**SUPPLIED ENTRIES:**

* * *

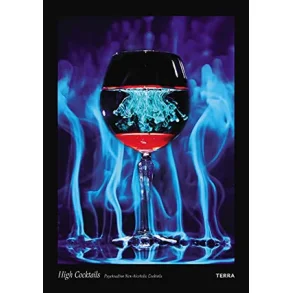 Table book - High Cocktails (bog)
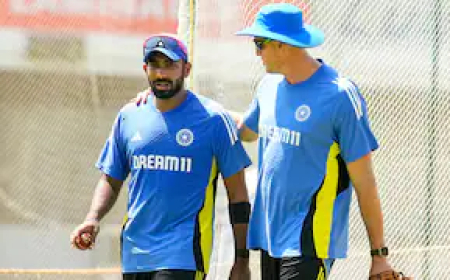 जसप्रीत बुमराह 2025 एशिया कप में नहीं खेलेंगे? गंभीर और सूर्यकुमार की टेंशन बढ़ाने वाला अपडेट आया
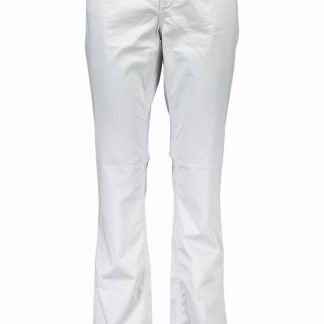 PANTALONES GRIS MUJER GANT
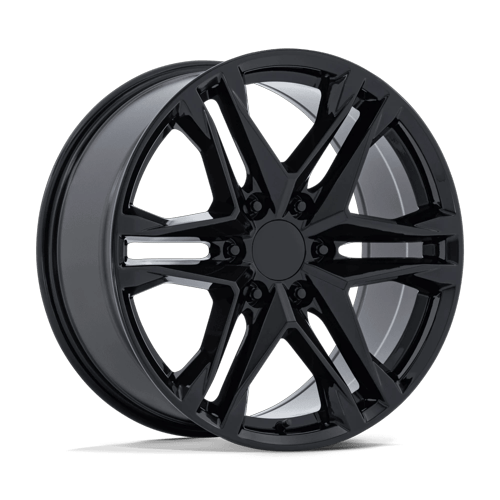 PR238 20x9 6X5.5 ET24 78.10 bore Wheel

* * *

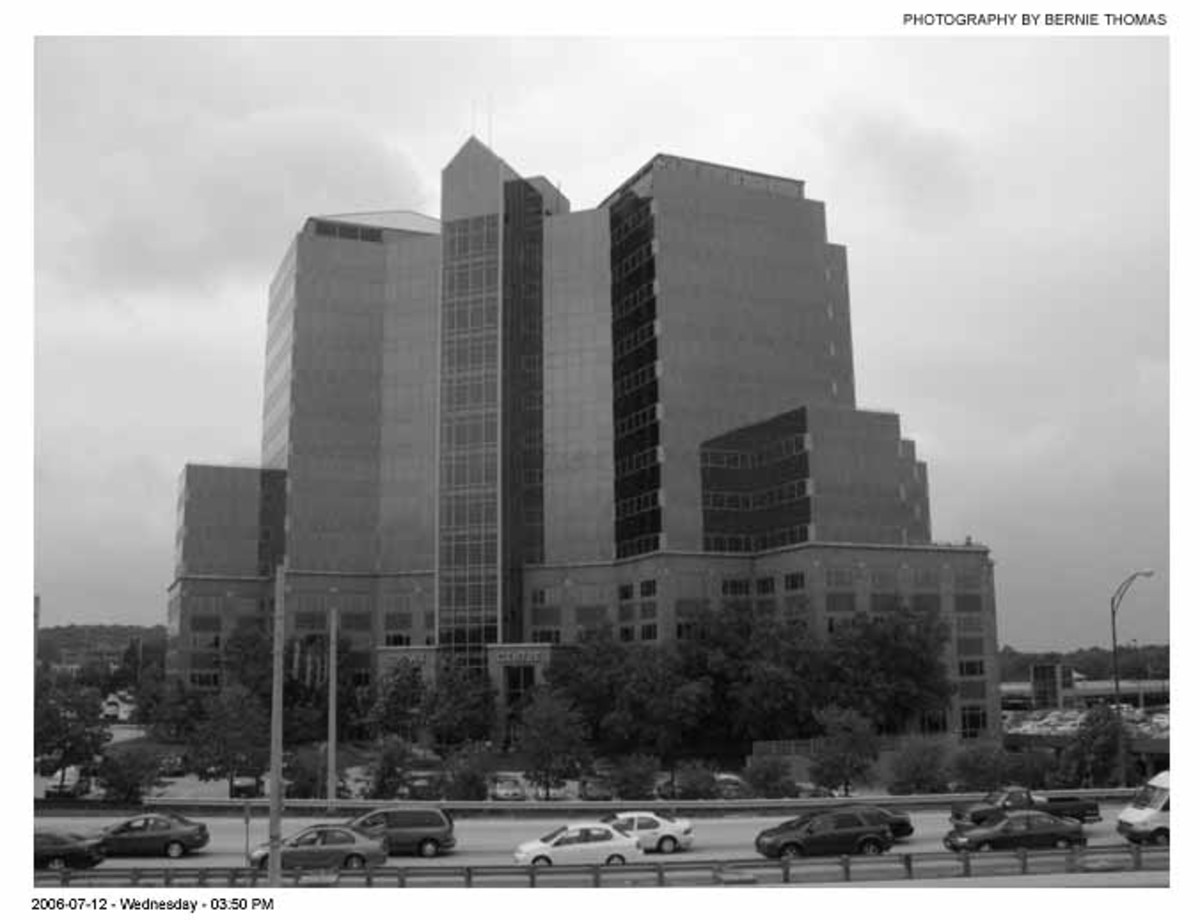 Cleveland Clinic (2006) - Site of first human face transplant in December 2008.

* * *

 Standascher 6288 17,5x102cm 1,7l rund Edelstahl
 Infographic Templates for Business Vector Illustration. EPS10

* * *

**EXERCISE PROMPT:** Looking above, find the stretch of lines that opens with the one holding "PANTALONES GRIS MUJER GANT" and closes with the one holding "PR238 20x9 6X5.5 ET24 78.10 bore Wheel". Copy it exactly, pictures excluded.

**OUTPUT:**
 PANTALONES GRIS MUJER GANT
 PR238 20x9 6X5.5 ET24 78.10 bore Wheel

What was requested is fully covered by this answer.